══ LISTED ENTRIES ══

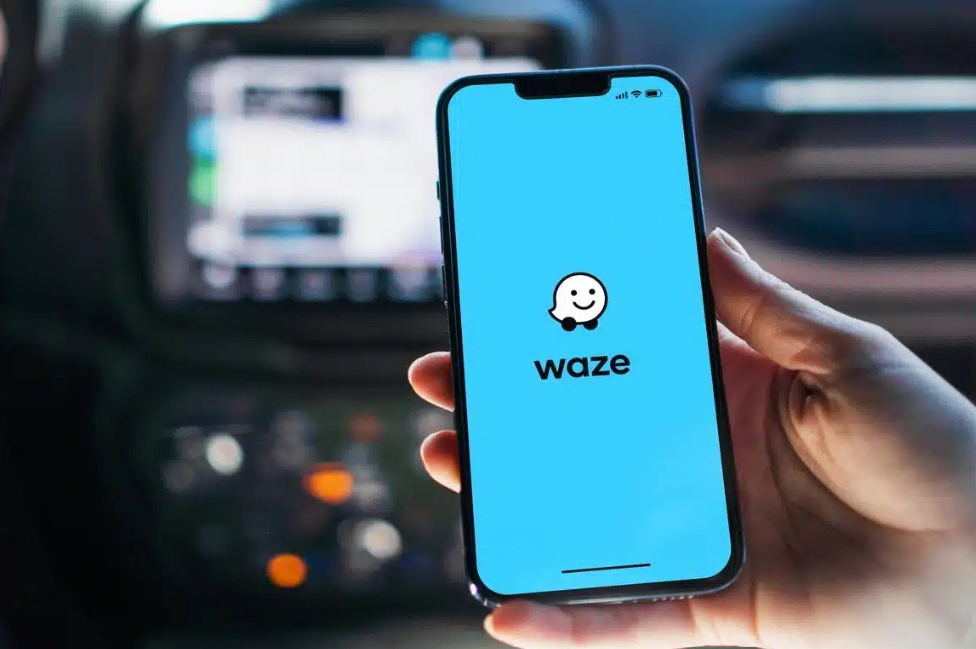 GPS gratuit sans internet Waze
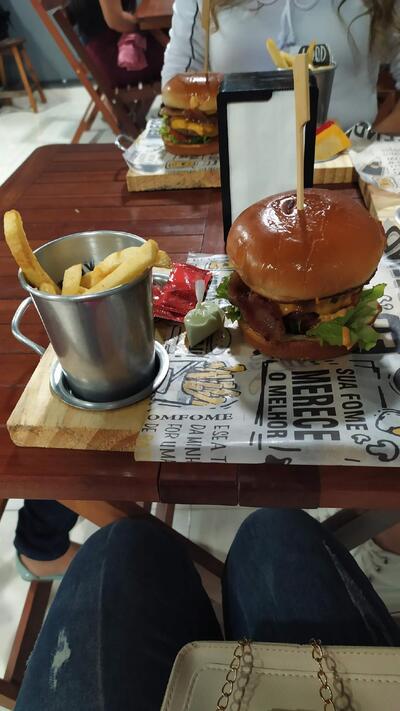 D'GUST BURGUER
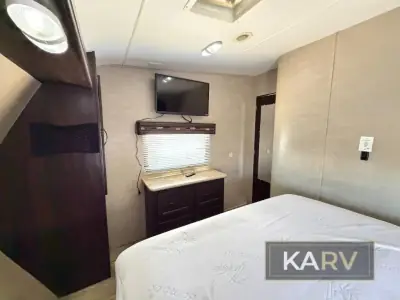 2018 Pacific Coachworks Panther 25FSB photo 25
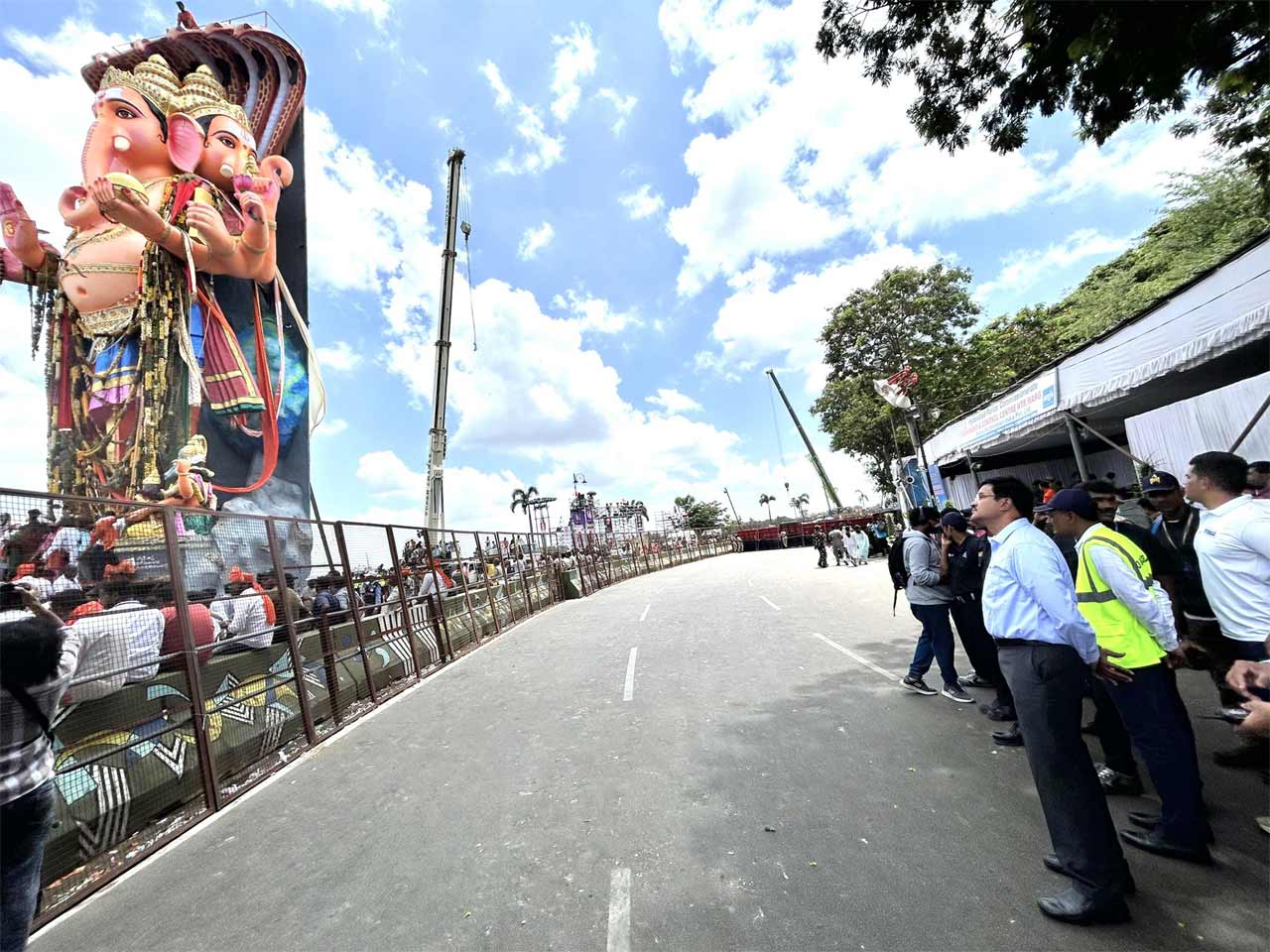 ఖైరతాబాద్‌ మహాగణపతి శోభాయాత్ర, నిమజ్జనం ఫొటోలు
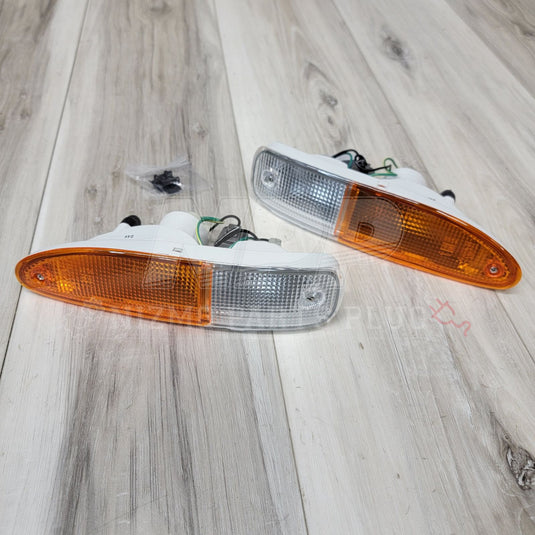 Nissan S13 180SX JDM Amber/Clear 50/50 Turn Signal Lamp Set - NizmoPartsPlug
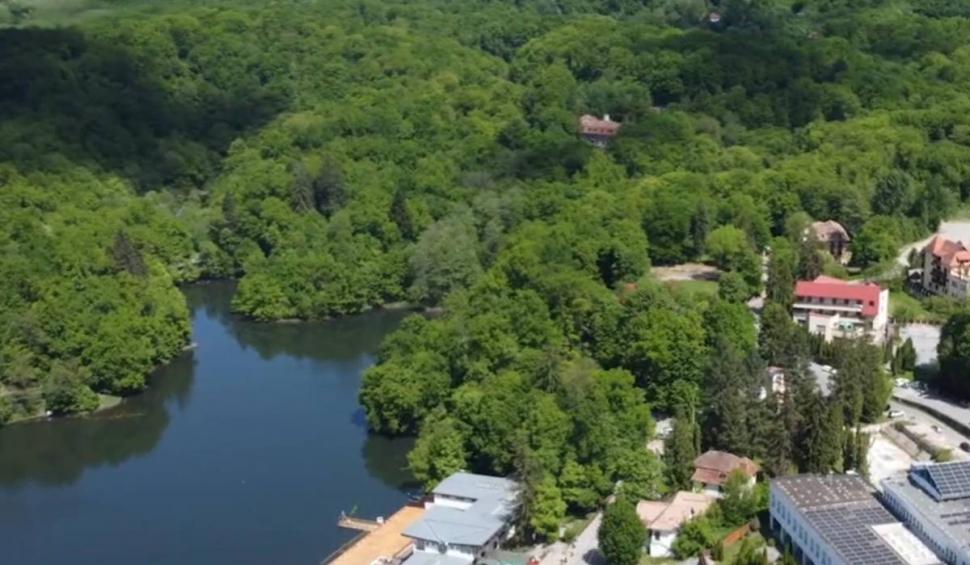 Stațiunea din România unde s-a dat startul la băi. Cât costă biletul pentru o zi 904604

═══

### TASK STATEMENT
Repeat, word for word, each of the records, omitting any image they hold.

### ANSWER TO THE EXERCISE
 GPS gratuit sans internet Waze
 D'GUST BURGUER
 2018 Pacific Coachworks Panther 25FSB photo 25
 ఖైరతాబాద్‌ మహాగణపతి శోభాయాత్ర, నిమజ్జనం ఫొటోలు
 Nissan S13 180SX JDM Amber/Clear 50/50 Turn Signal Lamp Set - NizmoPartsPlug
 Stațiunea din România unde s-a dat startul la băi. Cât costă biletul pentru o zi 904604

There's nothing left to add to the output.